Bornstein, Robert F., and Paul R. D'agostino. (1992) "Stimulus recognition and the mere
exposure effect." Journal of Personality and Social Psychology, 63 (4), 545.
Atalay, A. Selin, H. Onur Bodur, and Dina Rasolofoarison. Shining in the center Central gaze
cascade effect on product choice. Journal of Consumer Research 39, no. 4 (2012) 848-866.pdf
Dimofte, Claudiu V., and Richard F. Yalch. (2011), "The mere association effect and brand
evaluations." Journal of Consumer Psychology, 21 (1), 24-37.
Assigned reading to class: Krishna, A. (2012).

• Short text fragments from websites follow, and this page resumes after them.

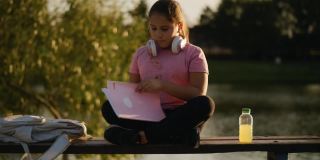 小女孩在湖边看书。一个年轻的少女正在翻看一本书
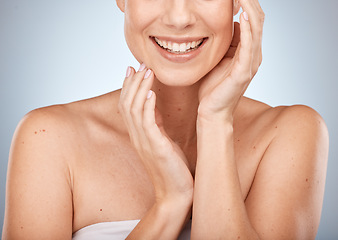 Image showing Happy woman, skincare and beauty cosmetics for shine, wellness and healthy glow on studio background. Closeup of model touching face after facial, laser results and chemical peel for clean aesthetics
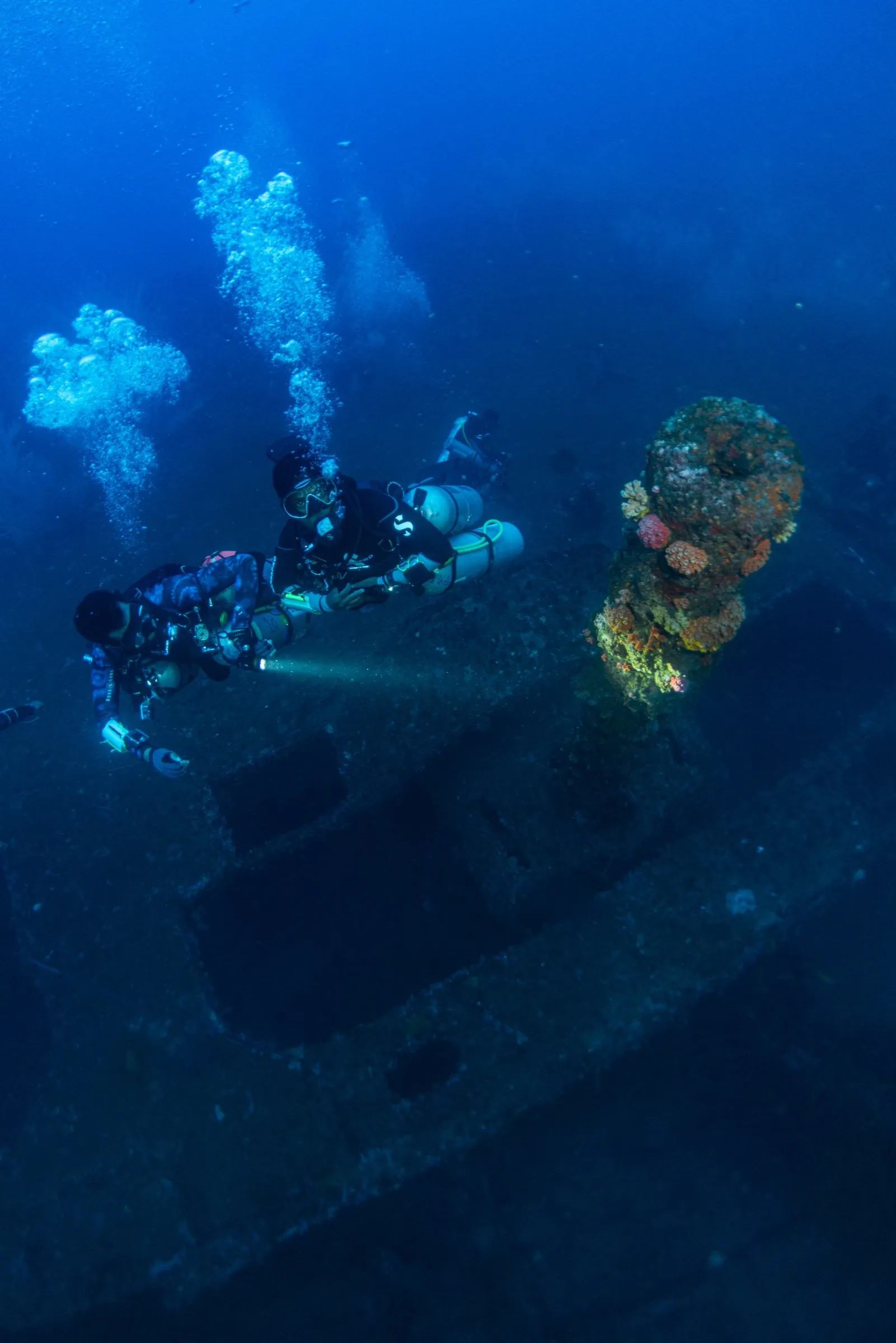 Two technical divers over a coral-grown wreck, one in sidemount and one in backmount, lights on and bubbles rising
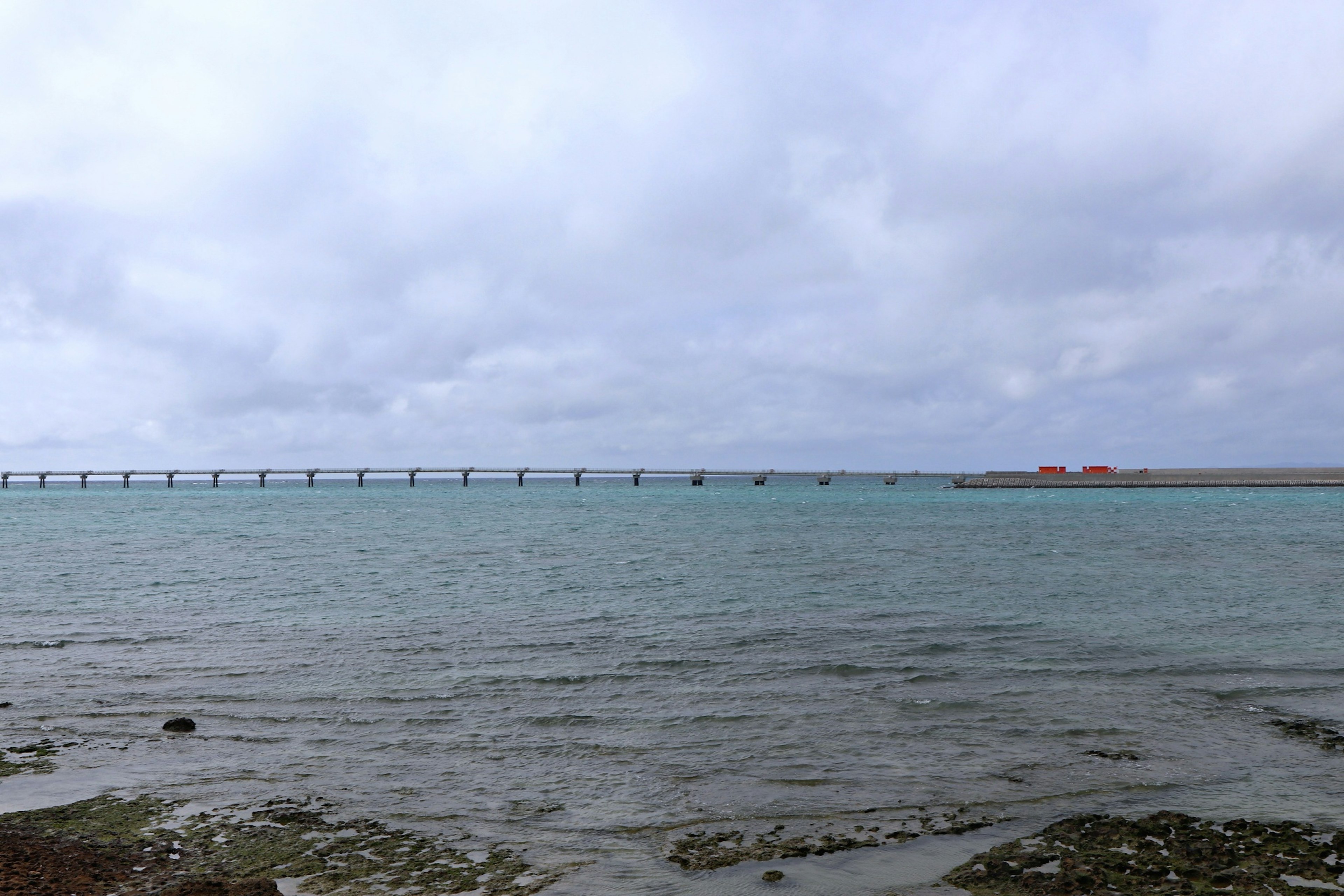 Lanskap yang menampilkan laut biru dan langit mendung dengan jembatan di kejauhan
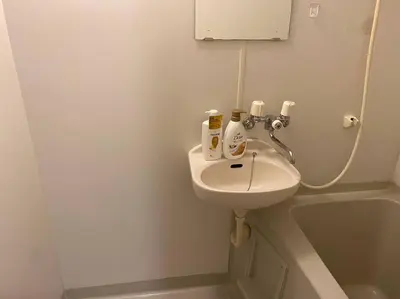 a white bathroom with a sink and a bath tub at \u6587\u4eac\u533a\u8c4a\u5cf6\u533a\u5357\u5927\u585a1 in Tokyo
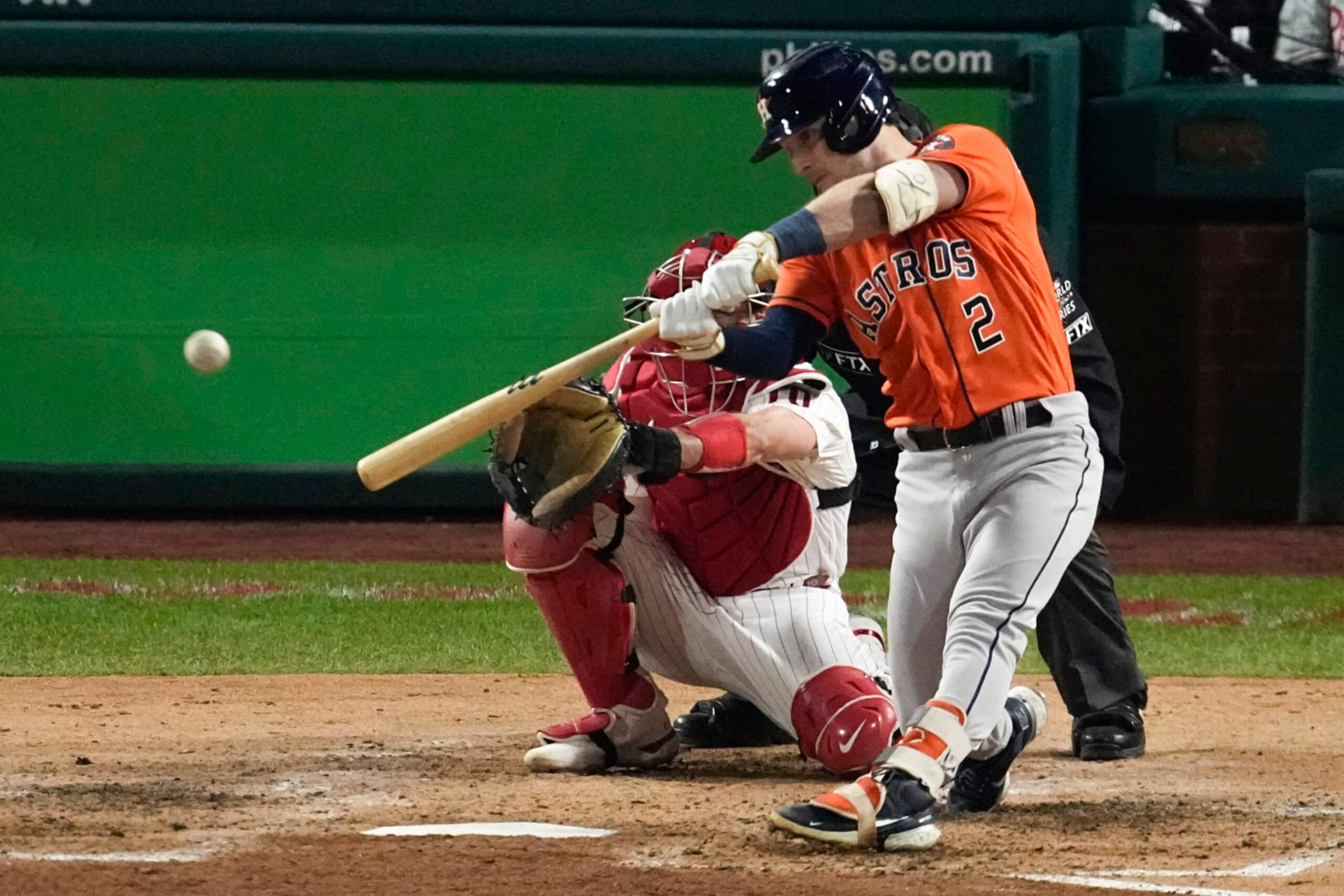 Houston Astros' Alex Bregman hits a two-RBI double during the fifth inning in Game 4 of baseball's World Series between the Houston Astros and the Philadelphia Phillies on Wednesday, Nov. 2, 2022, in Philadelphia. (AP Photo/Matt Rourke)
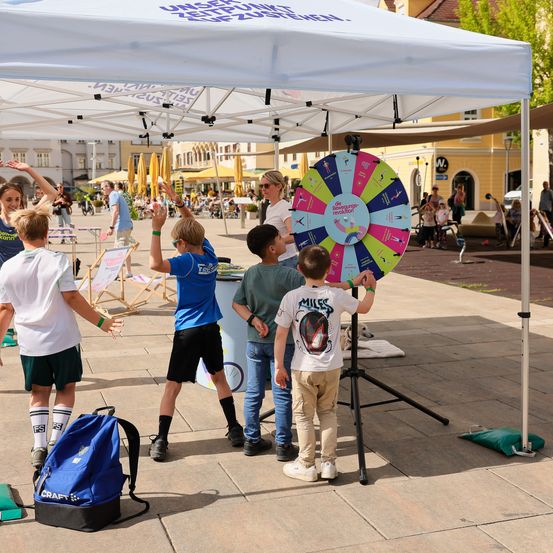 Kinder spielen ein Spiel unter einem weißen Zelt auf einem Stadtplatz. Ein großes Rad mit verschiedenen Farben und Text ist zu sehen. Einige Leute stehen in der Nähe, manche mit Rucksäcken.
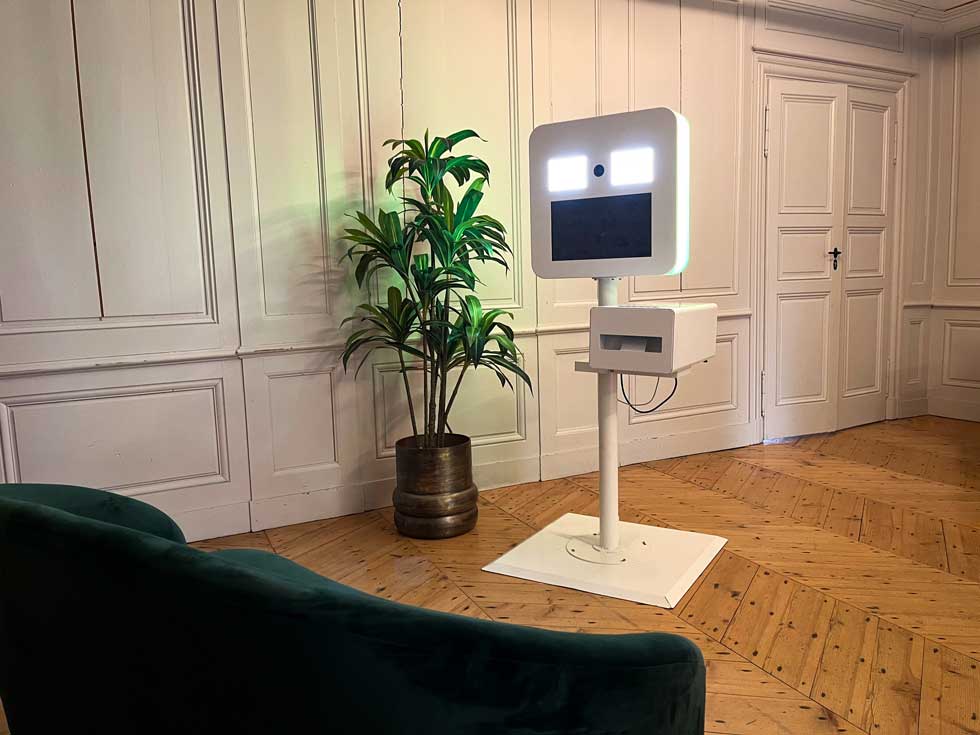 Borne blanche à selfie au milieu d'un salon avec du parquet en bois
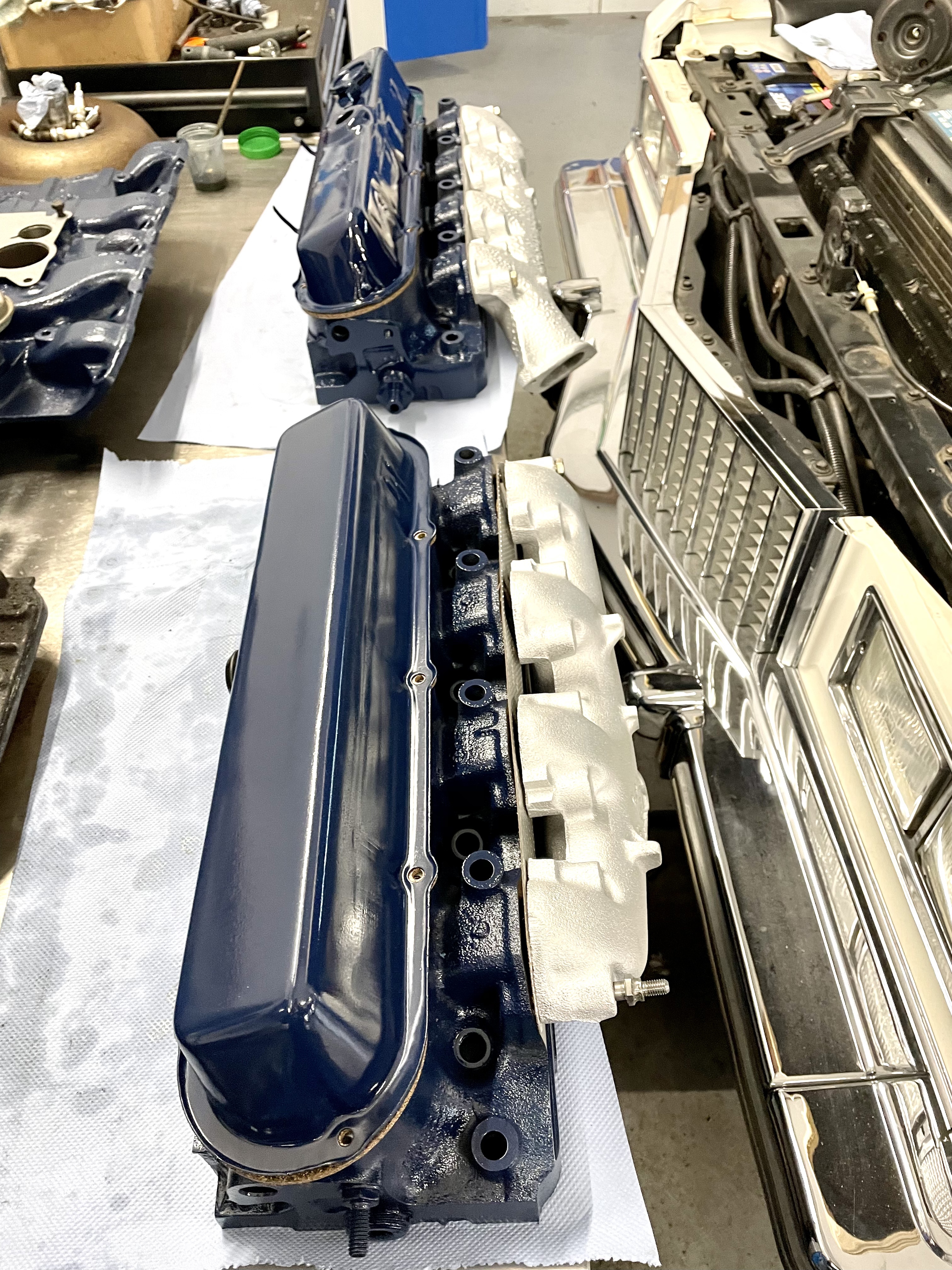 Blaue Motorventildeckel in einer Werkstatt für klassische US-Fahrzeuge (Cadillac, Lincoln, 1956–1979) während der Restauration.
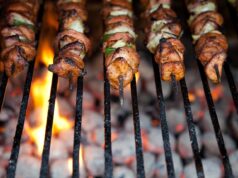 Chicken Skewers with Lemony Couscous: A Delicious Summer BBQ Option Grilled chicken skewers served over lemony couscous, gathered around a summer outdoor table with family and friends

An integrative review of sensory marketing:
Engaging the senses to affect perception, judgment and behavior. Journal of Consumer
Psychology, 22(3), 332-351.
Consumer behavior reflects the totality of consumer’s decisions with respect to the
acquisition, consumption, and disposition of goods, services, activities, experiences,
people, and ideas by human decision-making units over time.
(Hoyer et al. 2018)
Perception: the awareness or understanding of sensory
information/awareness and interpretation of reality.
- Differences with sensation: a sensation occurs when we are exposed to a stimulus
(we devote our attention to something in the environment); a perception occurs
when we are aware of that stimulus (a sense is stimulated).
- There is no understanding in perception, only in sensation.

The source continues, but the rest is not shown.